[Dataset extract]
· · · · ·

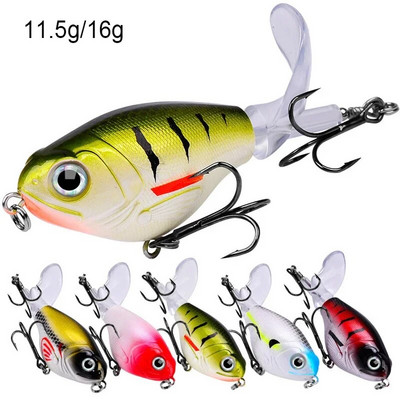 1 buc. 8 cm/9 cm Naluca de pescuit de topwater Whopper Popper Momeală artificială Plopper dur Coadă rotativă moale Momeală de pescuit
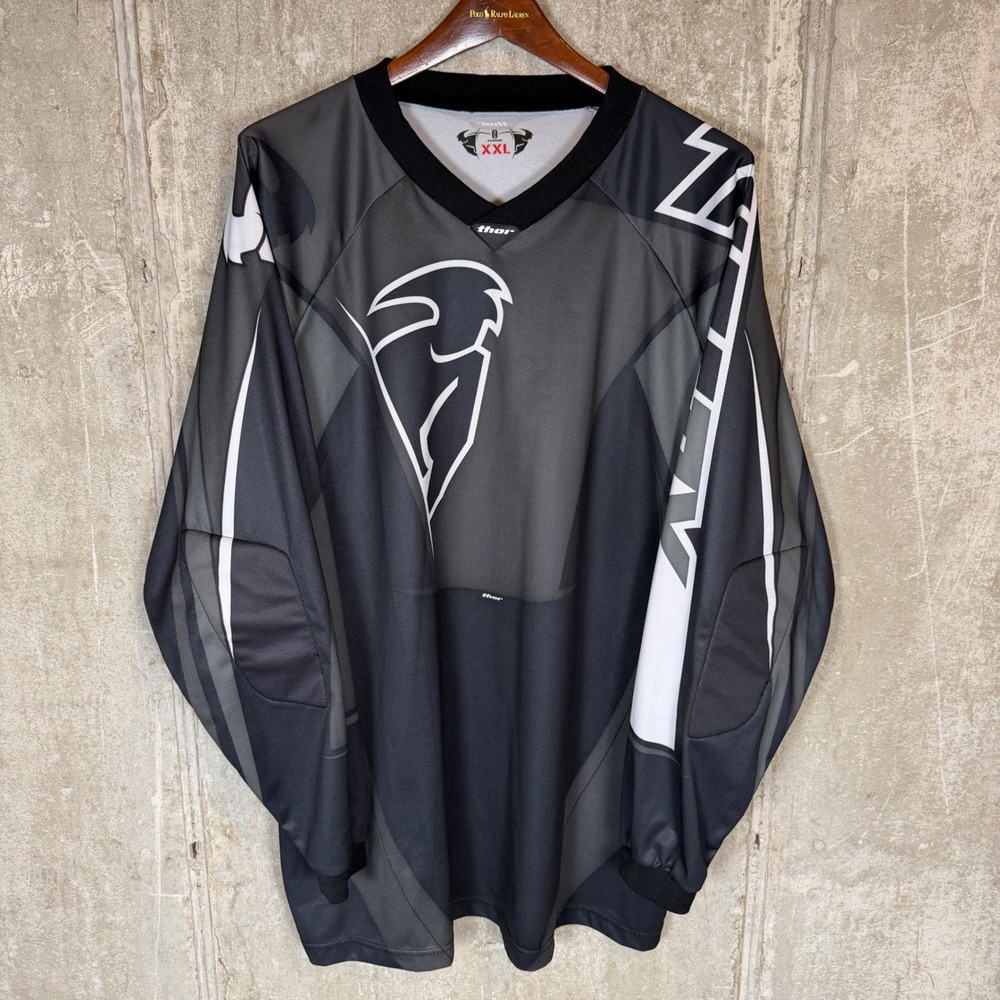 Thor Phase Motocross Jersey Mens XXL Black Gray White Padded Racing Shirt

· · · · ·

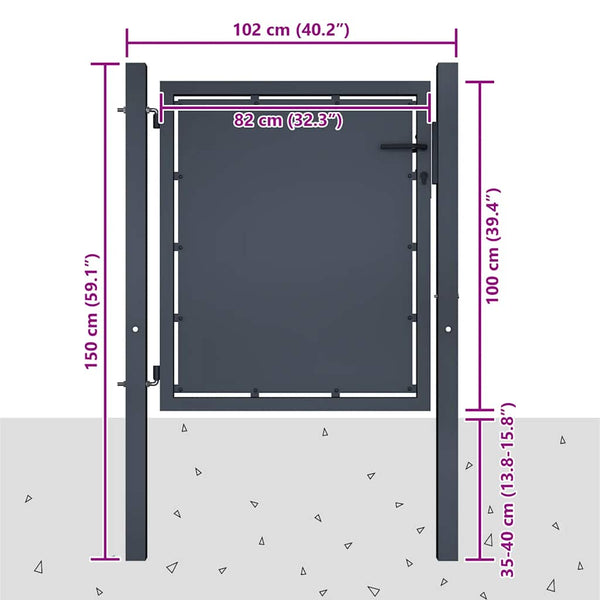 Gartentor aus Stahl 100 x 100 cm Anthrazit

· · · · ·

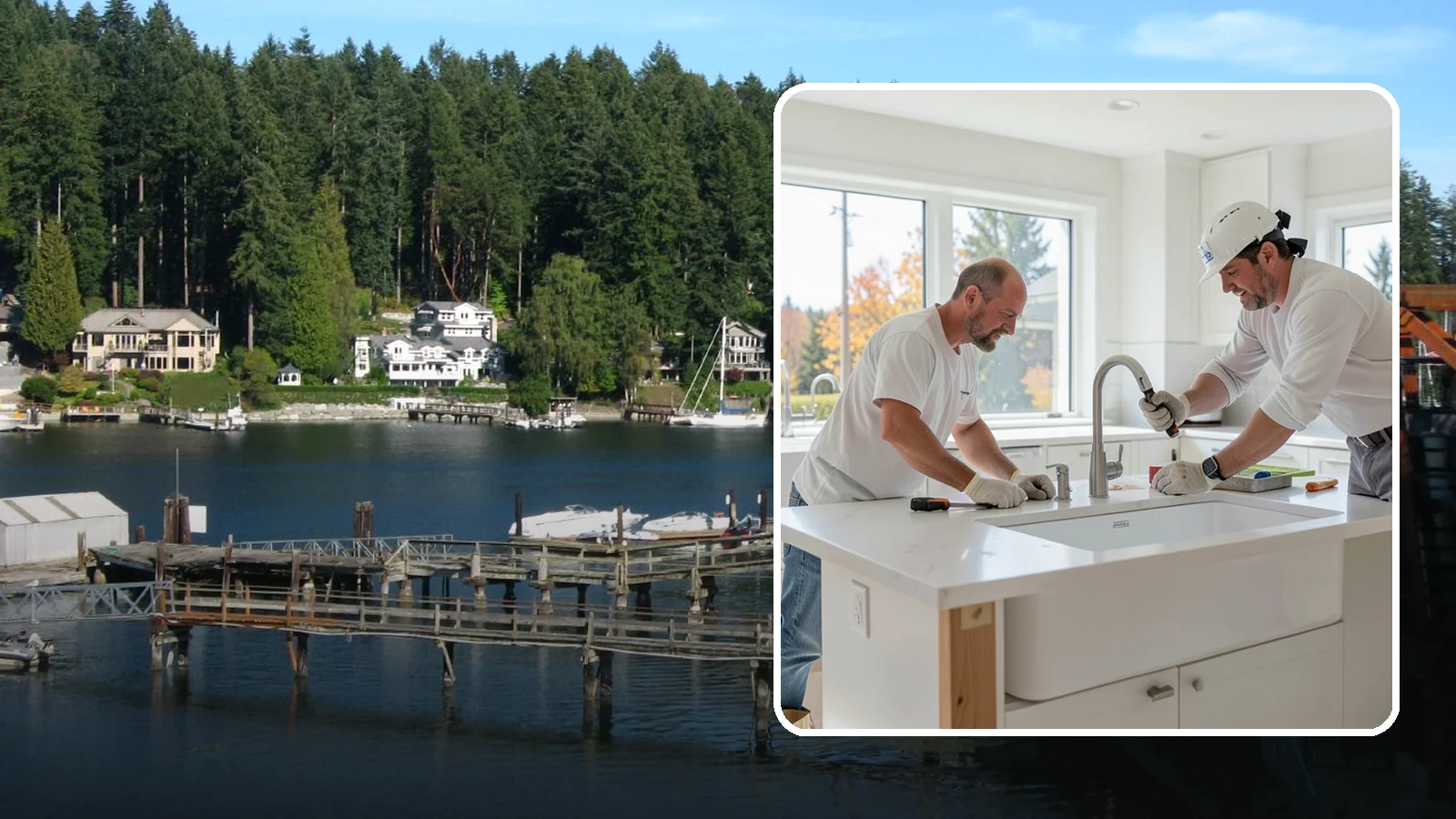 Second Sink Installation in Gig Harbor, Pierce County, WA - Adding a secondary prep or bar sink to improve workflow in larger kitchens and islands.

· · · · ·

[What the exercise asks]
Looking above, find the stretch of lines that opens with the one holding "1 buc. 8 cm/9" and closes with the one holding "Thor Phase Motocross". Copy it exactly, pictures excluded.

[Result for this exercise]
 1 buc. 8 cm/9 cm Naluca de pescuit de topwater Whopper Popper Momeală artificială Plopper dur Coadă rotativă moale Momeală de pescuit
 Thor Phase Motocross Jersey Mens XXL Black Gray White Padded Racing Shirt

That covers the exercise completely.